%% LyX 1.1 created this file.  For more info, see http://www.lyx.org/.
%% Do not edit unless you really know what you are doing.
\documentclass{article}
\usepackage[T1]{fontenc}
\usepackage[latin1]{inputenc}
\setlength\parskip{\medskipamount}
\setlength\parindent{0pt}

\makeatletter


%%%%%%%%%%%%%%%%%%%%%%%%%%%%%% LyX specific LaTeX commands.
\providecommand{\LyX}{L\kern-.1667em\lower.25em\hbox{Y}\kern-.125emX\@}

%%%%%%%%%%%%%%%%%%%%%%%%%%%%%% User specified LaTeX commands.
\usepackage[T1]{fontenc}
\usepackage[latin1]{inputenc}
\setlength\parskip{\medskipamount}
\setlength\parindent{0pt}

\makeatletter


\usepackage[T1]{fontenc}
\usepackage[latin1]{inputenc}
\setlength\parskip{\medskipamount}
\setlength\parindent{0pt}

\makeatletter


\usepackage[T1]{fontenc}
\setlength\parskip{\medskipamount}
\setlength\parindent{0pt}

\makeatletter


\usepackage[T1]{fontenc}
\setlength\parskip{\medskipamount}
\setlength\parindent{0pt}

\makeatletter


\setlength{\oddsidemargin}{-0.5in}
\setlength{\evensidemargin}{-0.5in}
\setlength{\topmargin}{0.0in}
\setlength{\headheight}{0in}
\setlength{\headsep}{0in}
\setlength{\textwidth}{7.0in}
\setlength{\textheight}{9.5in}
\setlength{\parindent}{0in}
\setlength{\parskip}{0.05in}
\setlength{\columnseprule}{0.4pt}

\makeatother

\makeatother

\makeatother


\makeatother

\makeatother

\begin{document}

Name: \_\_\_\_\_\_\_\_\_\_\_\_\_\_\_\_\_\_\_\_\_\_\_\_\_\_\_\_

\textbf{Directions: Work only on this sheet (on both sides, if needed); do not
turn in any supplementary sheets of paper. There is actually plenty of room
for your answers, as long as you organize yourself BEFORE starting writing.
In order to get full credit, SHOW YOUR WORK.}

{\bf 1.}  (20) Consider our MPI example starting on p.10 of our notes, and
suppose N = 25.  How many messages of type PIPE\_MSG will node 1
receive?  What about node 2? 

\textbf{2.} (20) Suppose we have a 64-node hypercube, and we sort using
the Hyperquicksort algorithm shown on p.38 of our notes.  Consider what
occurs at node 13 on the second iteration of the loop.  Suppose the
array elements at that node are currently 12, 15, 29, 30, 35 and 48,
while the elements at the root of this node's subcube are 14, 16 and 20.
Which elements will node 13 send to another node, and what will be the
node number of that node? 

{\bf 3.} (15) In the JIAJIA example Primes.c, suppose we had forgotten
the first lock/unlock pair within DoWork().  For each of the following
statements, write `P' (possible) or `I' (impossible):

\begin{itemize}

\item The number of primes printed out in main() will be too large.

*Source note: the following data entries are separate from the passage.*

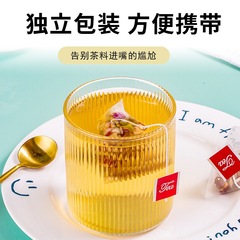 Ziziphus Seeds, Lily and Poria Tea One Piece Dropshipping Manufacturer Wholesale Volume Selling Package Scented Tea Insomnia Sleep Bozhou Health Care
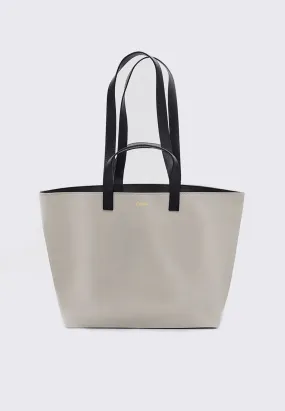 Le Pratique Small Bag - Light Grey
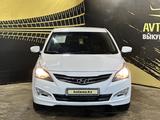 Hyundai Accent 2015 годаүшін6 200 000 тг. в Актобе – фото 2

\item The number of primes printed out in main() will be too small.

\item The program will hang, at one or more nodes.

\item The running time of the program will increase.

\item The running time of the program will decrease.

\end{itemize} 

\textbf{4.} (15) Consider an $\Omega$-network consisting of 32 PEs.
Through which switches will a read request for PE 4 to PE 21 pass?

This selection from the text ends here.